I just figured that out, but I'm done.

Are the factors that determine a lie to be a lie, such as [this perception] [their knowledge] [factual relationship]?

Good. Then...

I may be able to deceive the Spirit God.

Fraud God.

Isn't that nice? It's the perfect, big scale for me.

I'm gonna make it into a con man in this city.

If so, I just want more information.

I need to expand my connections for that.

"Mr. Yashiro, by the way"

When I was thinking about it, you decided you were done talking, and Ginette's been saying this.

"After this, I'd like you to come with me for a moment."

"Is that the bathroom?

"No!?

What, no?

… it is time for me to limit myself.

"I go to church every morning."

Oh, no. I guess this guy was a church believer.

"Are you an alvinist?

"If you mean the followers of the Spirit Church, it's called Alvistan."

You look like a Christian. It's easy to remember.

"So, does the devout Alvistan go to church every morning to pray?

I'm unreligious.

"Yes, every morning prayer is indispensable, but that's not all."

Ginette put her hands together in front of her chest... and her pants were gripped in her hand... and she smiled with a clear, unclean grin and said something terrible.

"I deliver meals every morning. as the best service I can do."

What do you mean, service………?

The large quantities of food I was showing you earlier in the kitchen were not served at the store, but for delivery to the church?

Besides... I don't even want to think about it...

"... for free?

"Yes, it's a donation"

You're not stupid!

This is the kind of store de poor guy whose chair doesn't even straighten out, donate!?

Besides, what was the amount of rice you were having earlier? How many servings is that!? It wouldn't be ten or twenty with a light estimate. We had about thirty servings!?

That's, guys, free!?

"... I'm getting dizzy"

"Are you okay!?

He ran over to me and was Ginette, who tried to put his hand on his shoulder, but realized he was holding his pants in his hand and rushed to hide his hands behind his back.

Next to me, Ginette looks anxiously down at me.

"Then I will go to the church alone, so rest in your room"

"No... I'm going too"

I can't let this guy go alone.

If you do that, this guy will give everything around him to others with great joy.

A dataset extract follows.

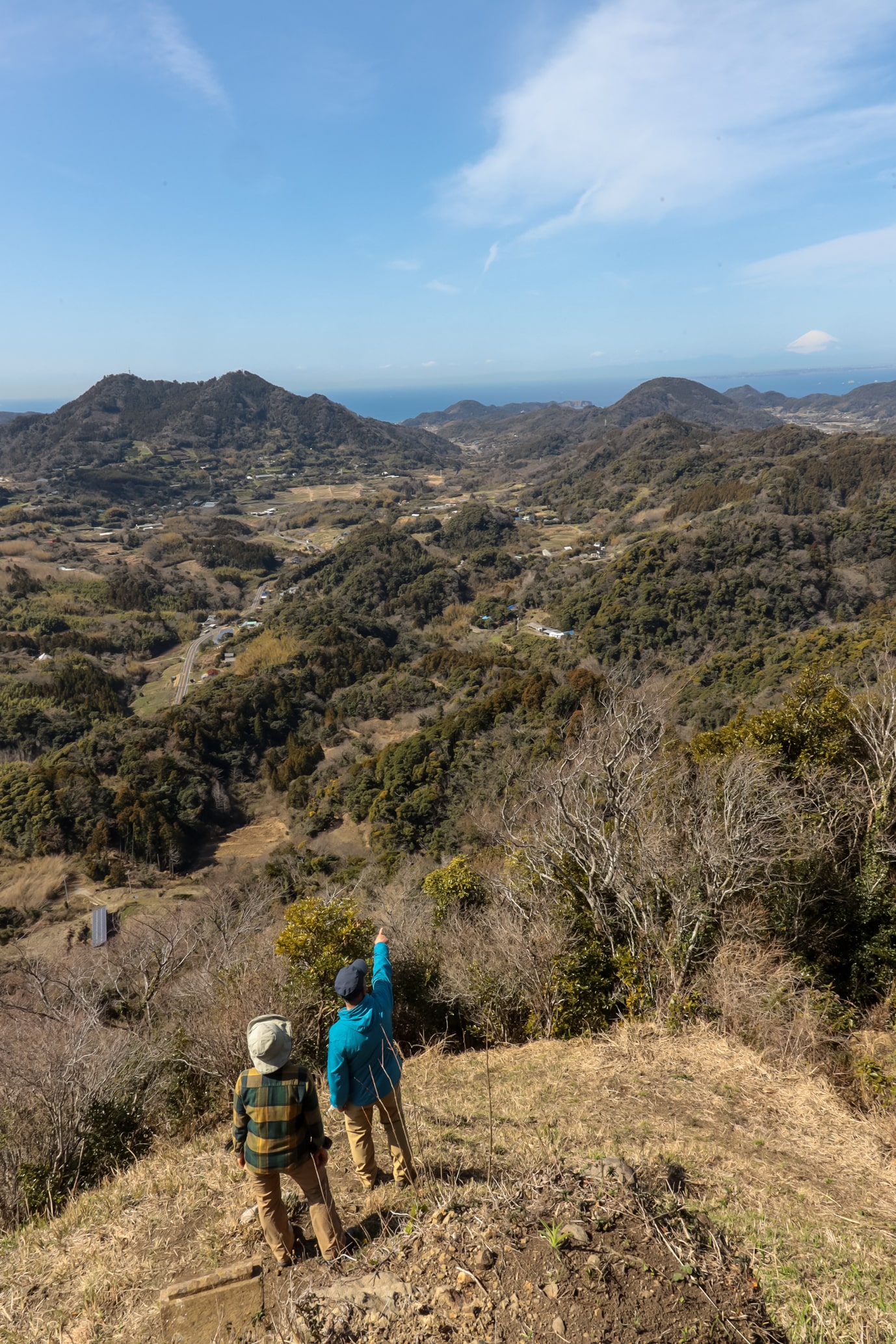 山と溪谷11月号「決定！日本百低山」発売！ 全国のおすすめ低山100座から、関東の推しを1座ご紹介しますのサブ画像2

I set this place up as a base for a while. I have trouble losing this store.

Most importantly... I hate 'waste' and 'waste' to death.

Have you made a donation to God to make you happy? I wouldn't be. That evidence is this rattling chair! You're living in extreme poverty like you can't even decently replace something like this!

You said every morning? Every morning, we serve free meals for as many as thirty people in return for nothing... God in this world is a man with thick skin on the surface where he makes them.

Is it natural for you to apply it?

Pretending not to know if a devout lamb starves for it?

If so, nothing but 'futile' such a service to be performed for God!

Donations? You don't have to!

The world is made of giveaways and takeaways!

I'll get a consideration when I offer my services! The other way around! This, the reason of the world, the common sense of the world! Iron rule!

I'll get into that church and I'll turn you down for any future donations.

"Ginette, just remember this"

"Yes...?

"Right in front of me, I'll never let you waste it"

Stare up at Ginette. and Ginette shook her shoulder bickly.

I thought this guy was a great woman with a saving spirit from carefully cooking scum vegetables and taking good care of the tools...... he's a waste of money!

The act you're doing is just as stupid as buying an expensive pot you don't even need until you loan it!

If you tell me, there's no difference between religion and fraud. I find no more value there than no visible gain. Therefore, we do not allow any money and goods to be offered or paid!

I'll make you stop, donating.... absolutely.

I scratched the remaining sashimi and quietly burned my fighting spirit for the upcoming showdown.